[Start of Attachment]
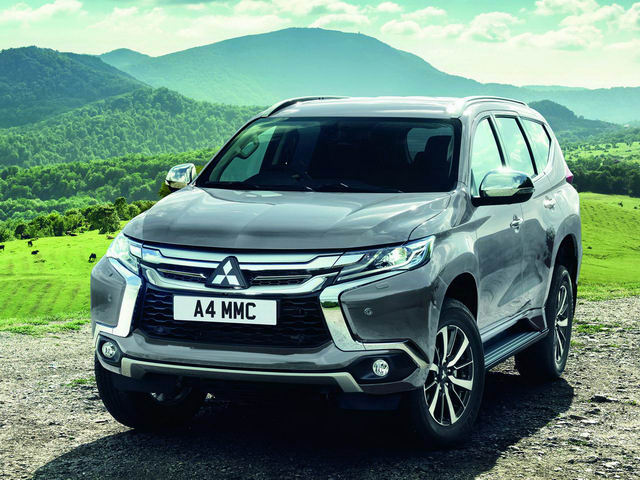 Mitsubishi Pajero Sport 2018 có giá từ 1,1 tỷ đồng - 1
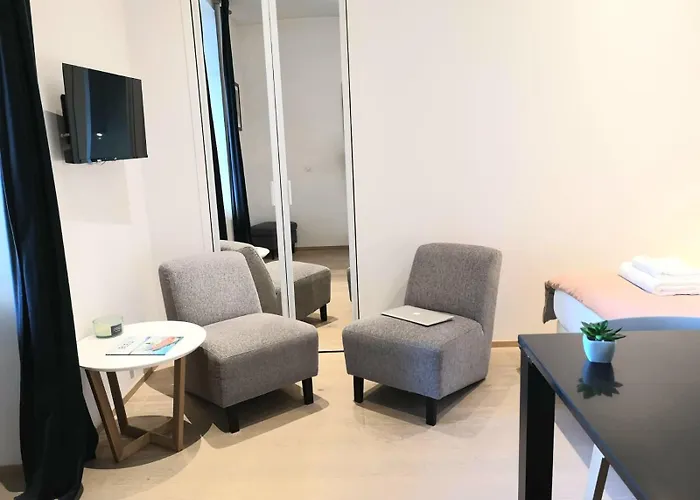 Saint Enogat Lägenhet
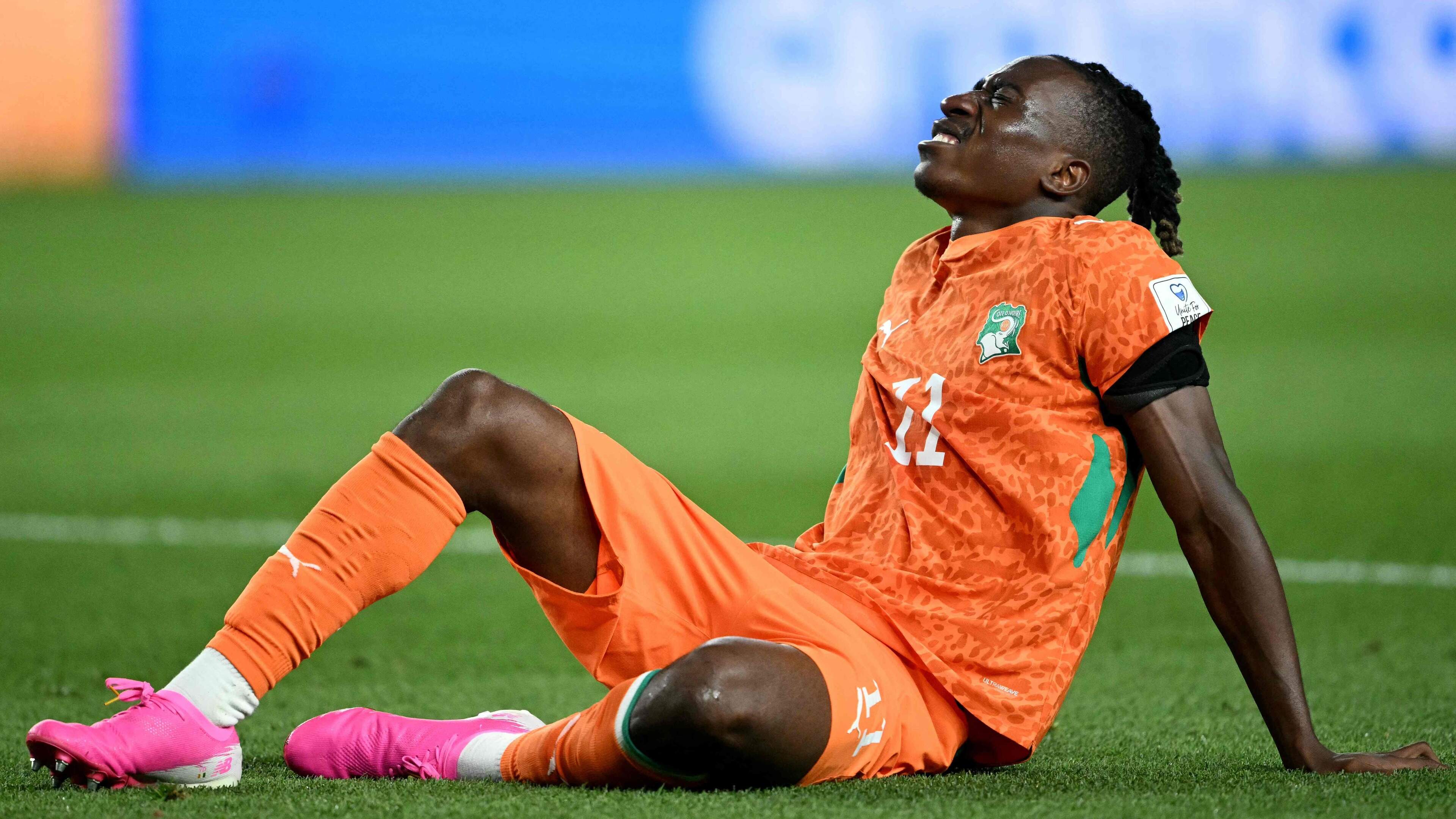 WK 2026-sensatie Yan Diomande (Senegal) schrijft emotionele open brief aan overleden zus: ’Het is alsof ik geen mens meer ben’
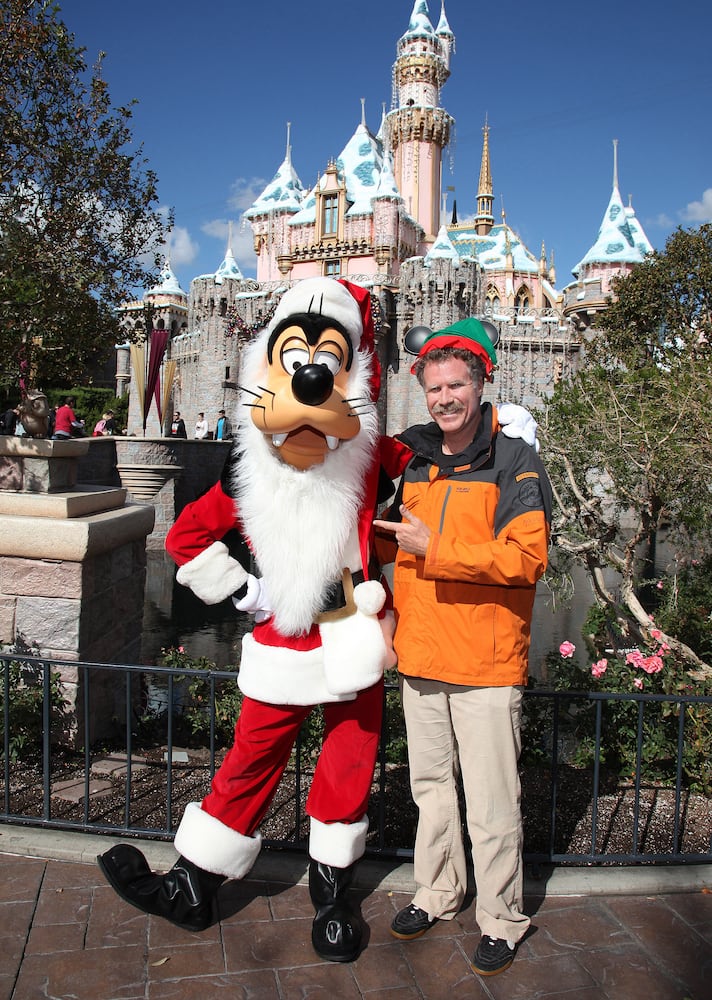 Stars get goofy at Disneyland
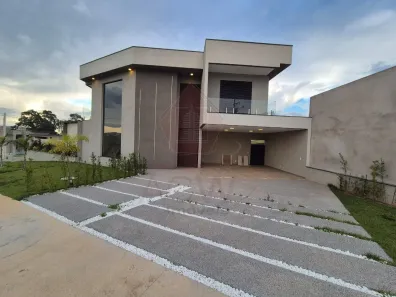 Sobrado com 3 Quartos para alugar, 235m² no , Itupeva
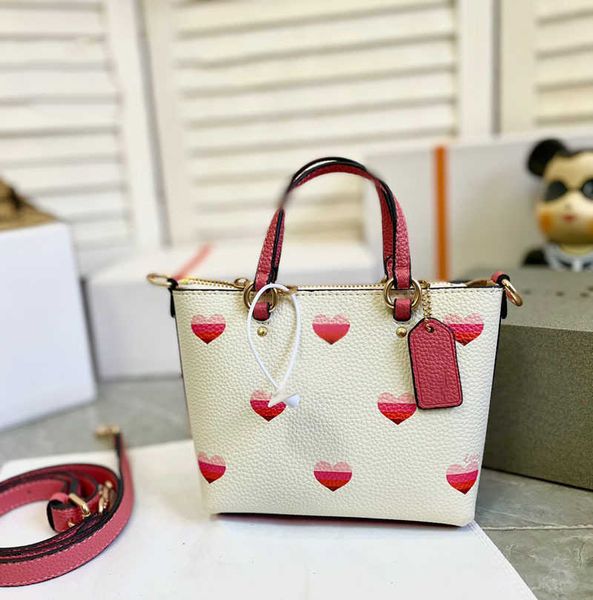 totes retro tote bag shifting dumpling wraps women hardware designer leather handbag zipper crossbody purse 221207
totes retro tote bag shifting dumpling wraps women hardware designer leather handbag zipper crossbody purse 221207
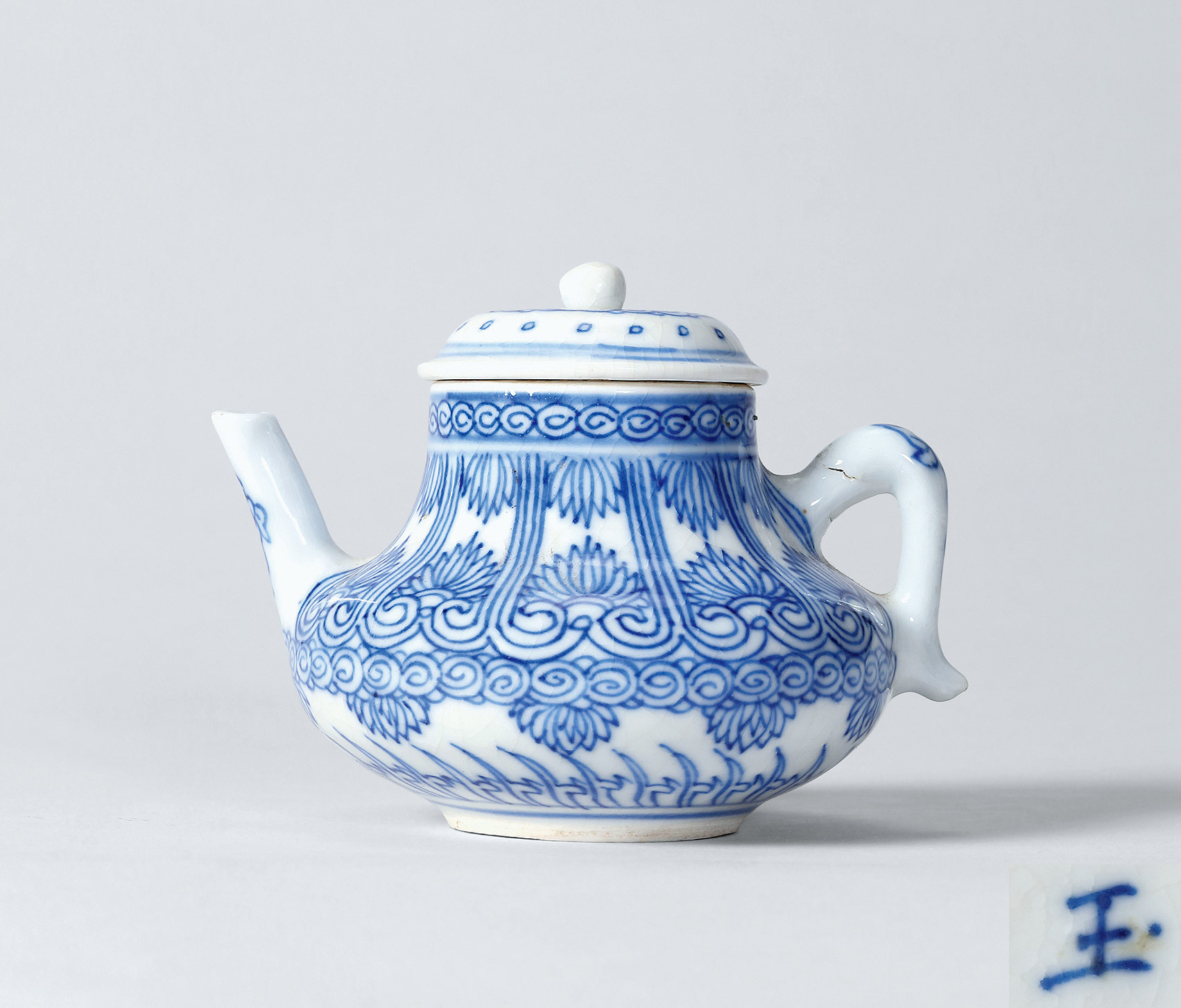 A BLUE AND WHITE EWER WITH HANDLE AT A SIDE WITH FLOWER DESIGN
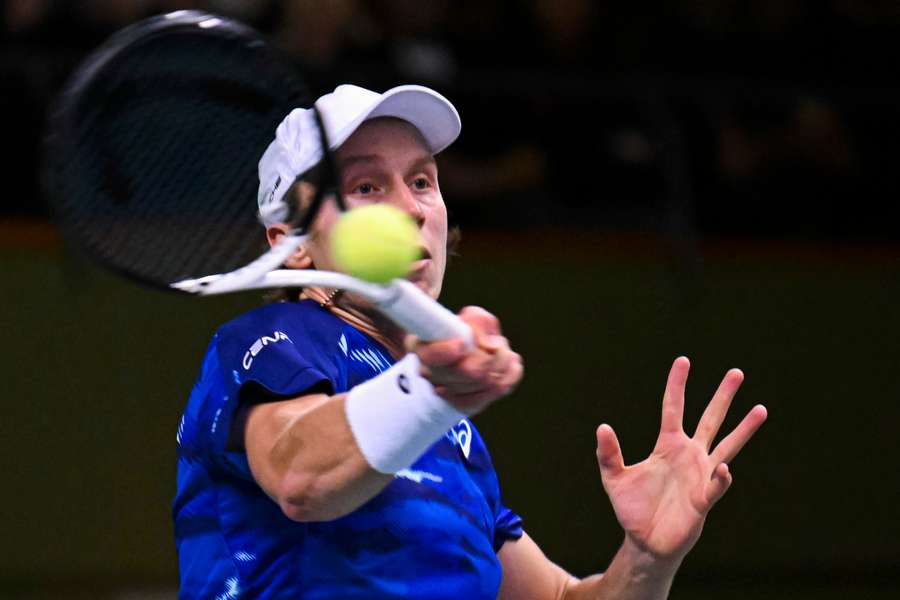 ATP Vienna, Ruusuvuori schianta Sonego. L'italiano eliminato al primo turno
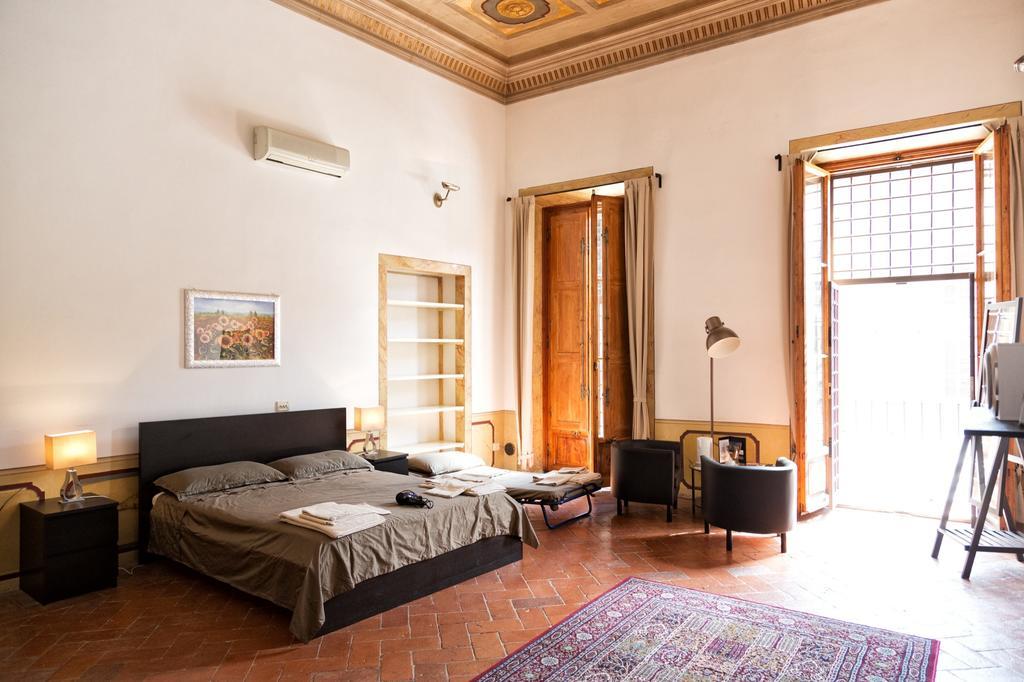 Home Restaurant Hotel Florence Bilik gambar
[End of Attachment]
- TASK PROMPT -
Leaving out the pictures, print every record exactly as written.

- OUTPUT FOR THIS TASK -
 Mitsubishi Pajero Sport 2018 có giá từ 1,1 tỷ đồng - 1
 Saint Enogat Lägenhet
 WK 2026-sensatie Yan Diomande (Senegal) schrijft emotionele open brief aan overleden zus: ’Het is alsof ik geen mens meer ben’
 Stars get goofy at Disneyland
 Sobrado com 3 Quartos para alugar, 235m² no , Itupeva
 totes retro tote bag shifting dumpling wraps women hardware designer leather handbag zipper crossbody purse 221207
totes retro tote bag shifting dumpling wraps women hardware designer leather handbag zipper crossbody purse 221207
 A BLUE AND WHITE EWER WITH HANDLE AT A SIDE WITH FLOWER DESIGN
 ATP Vienna, Ruusuvuori schianta Sonego. L'italiano eliminato al primo turno
 Home Restaurant Hotel Florence Bilik gambar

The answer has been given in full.